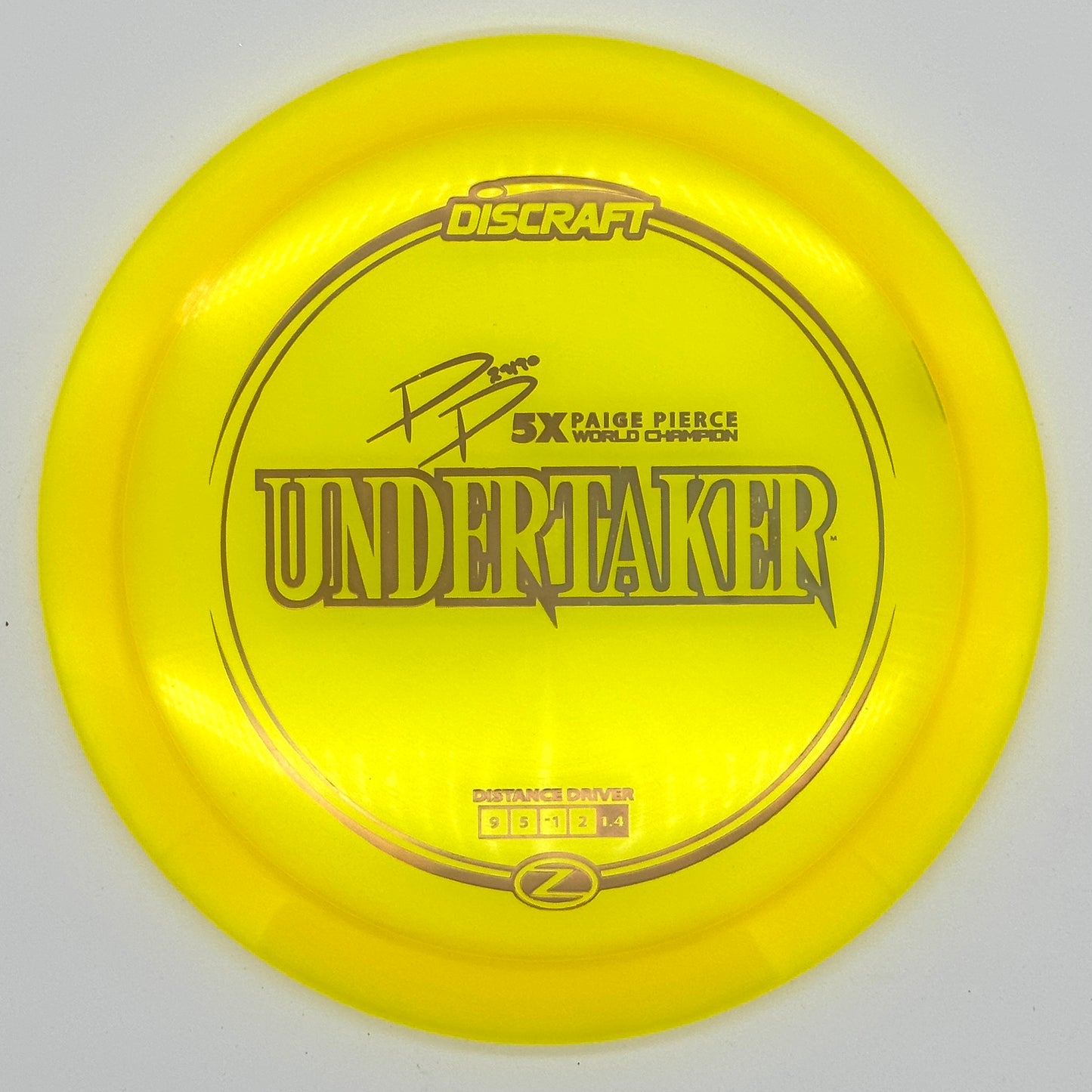 Discraft Paige Pierce 5X Undertaker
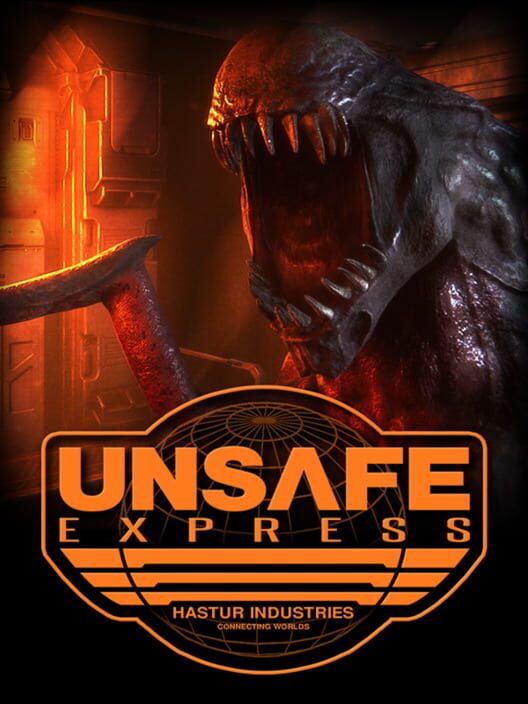 Unsafe Express cover art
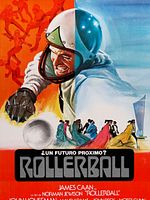 Cartel de Rollerball ¿Un futuro próximo?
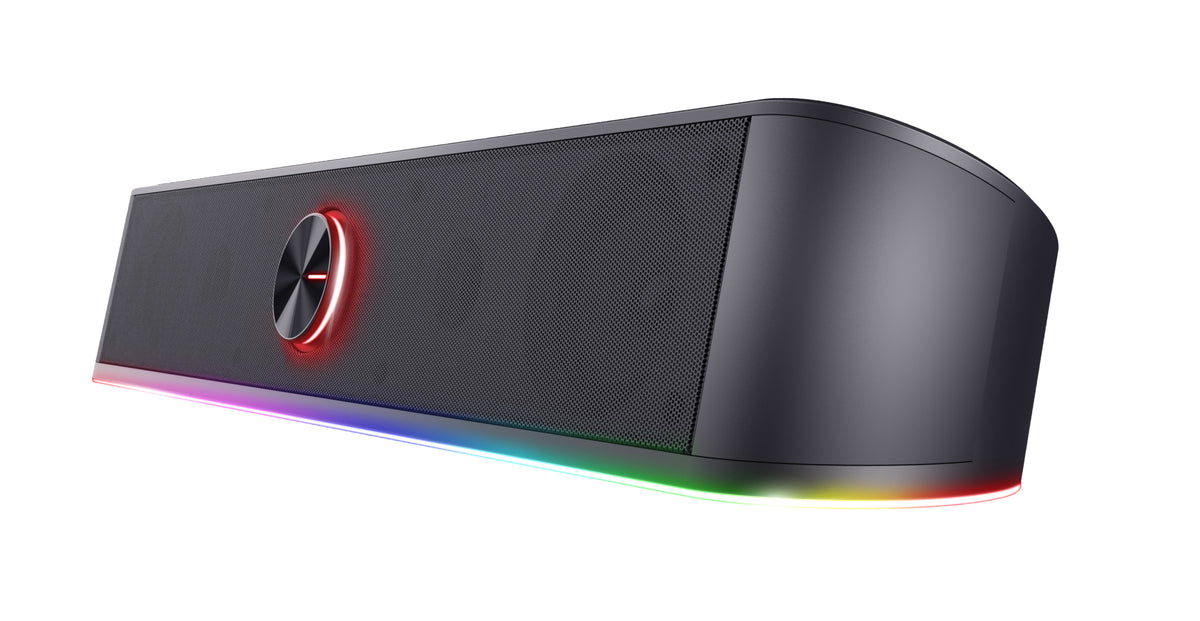 Barra de som Trust Gaming GXT 619 Thorne/ 12W/ 2.0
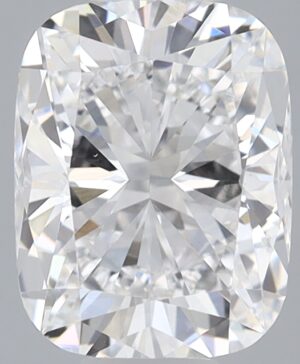 2.05ct Cushion Lab-Grown Diamond — D VS1 — IGI Certified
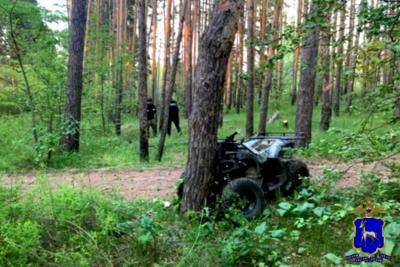 В Самарской области два подростка на квадроцикле врезались в дерево в лесу - последние новости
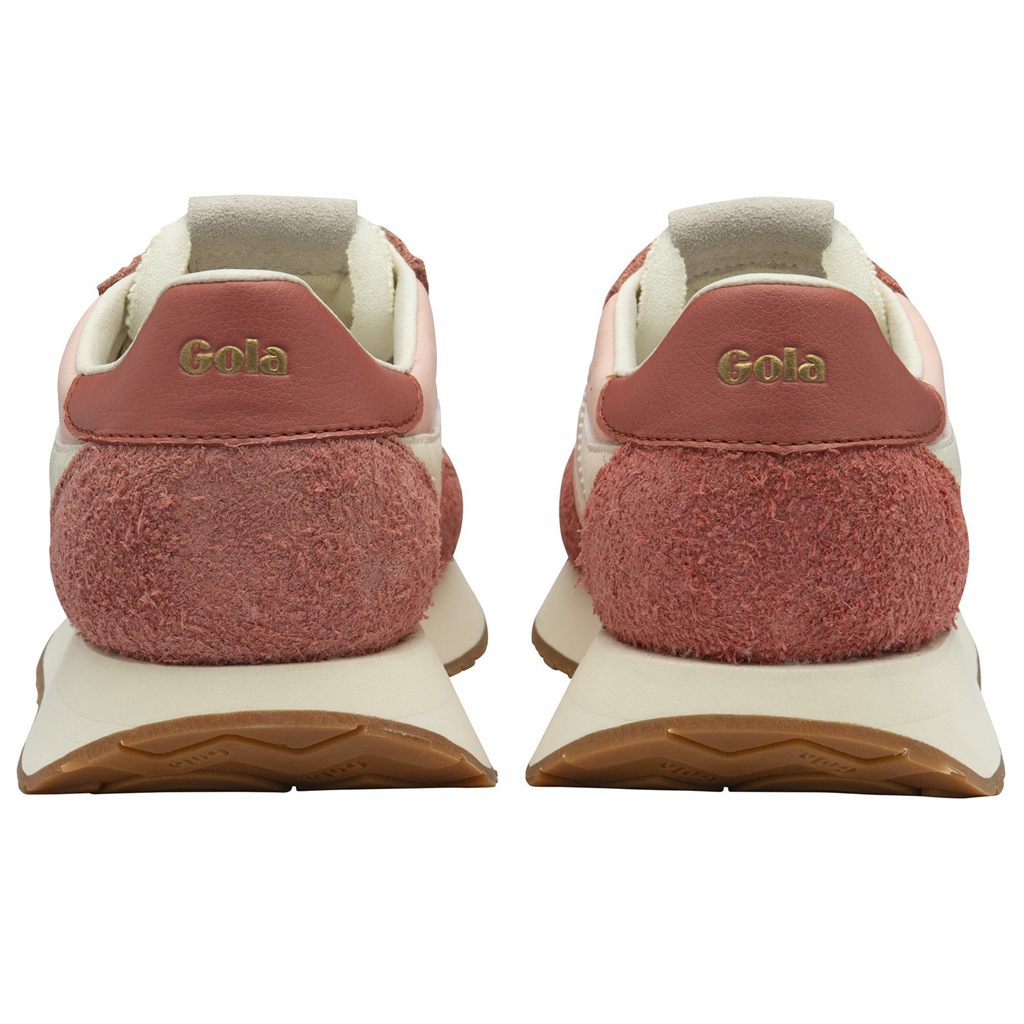 Gola Classics Arizona Sneakers Lyserød Hvide Danmark | SADI46279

══════

§ Goal of the exercise: Lines from the one containing "2.05ct Cushion Lab-Grown" through the final line of the entries above are to be retyped exactly, with every picture left out.

§ Solution to this exercise:
 2.05ct Cushion Lab-Grown Diamond — D VS1 — IGI Certified
 В Самарской области два подростка на квадроцикле врезались в дерево в лесу - последние новости
 Gola Classics Arizona Sneakers Lyserød Hvide Danmark | SADI46279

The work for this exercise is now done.